Records from a data source

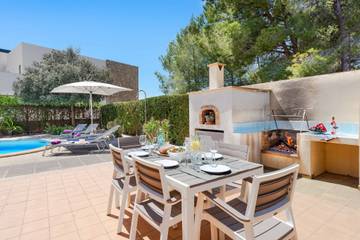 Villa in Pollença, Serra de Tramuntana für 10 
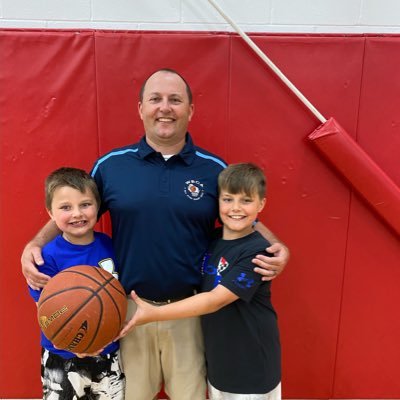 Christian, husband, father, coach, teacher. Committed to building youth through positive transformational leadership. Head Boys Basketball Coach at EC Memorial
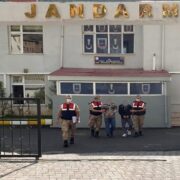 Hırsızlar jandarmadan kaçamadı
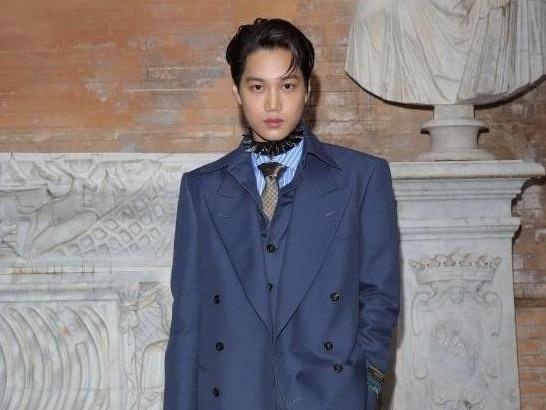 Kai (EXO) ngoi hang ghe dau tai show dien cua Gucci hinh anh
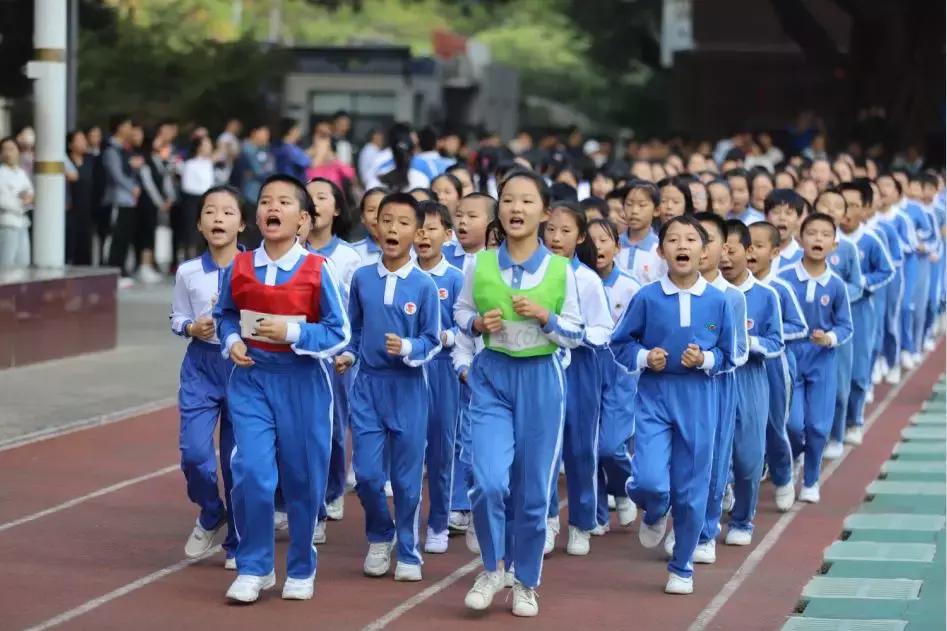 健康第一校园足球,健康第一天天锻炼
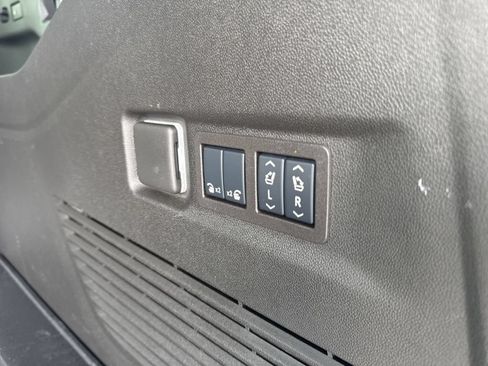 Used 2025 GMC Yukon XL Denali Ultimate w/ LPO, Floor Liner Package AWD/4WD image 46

What is expected: Skip the pictures and reproduce all remaining entries exactly.

Output for this task:
 Villa in Pollença, Serra de Tramuntana für 10 
 Christian, husband, father, coach, teacher. Committed to building youth through positive transformational leadership. Head Boys Basketball Coach at EC Memorial
 Hırsızlar jandarmadan kaçamadı
 Kai (EXO) ngoi hang ghe dau tai show dien cua Gucci hinh anh
 健康第一校园足球,健康第一天天锻炼
 Used 2025 GMC Yukon XL Denali Ultimate w/ LPO, Floor Liner Package AWD/4WD image 46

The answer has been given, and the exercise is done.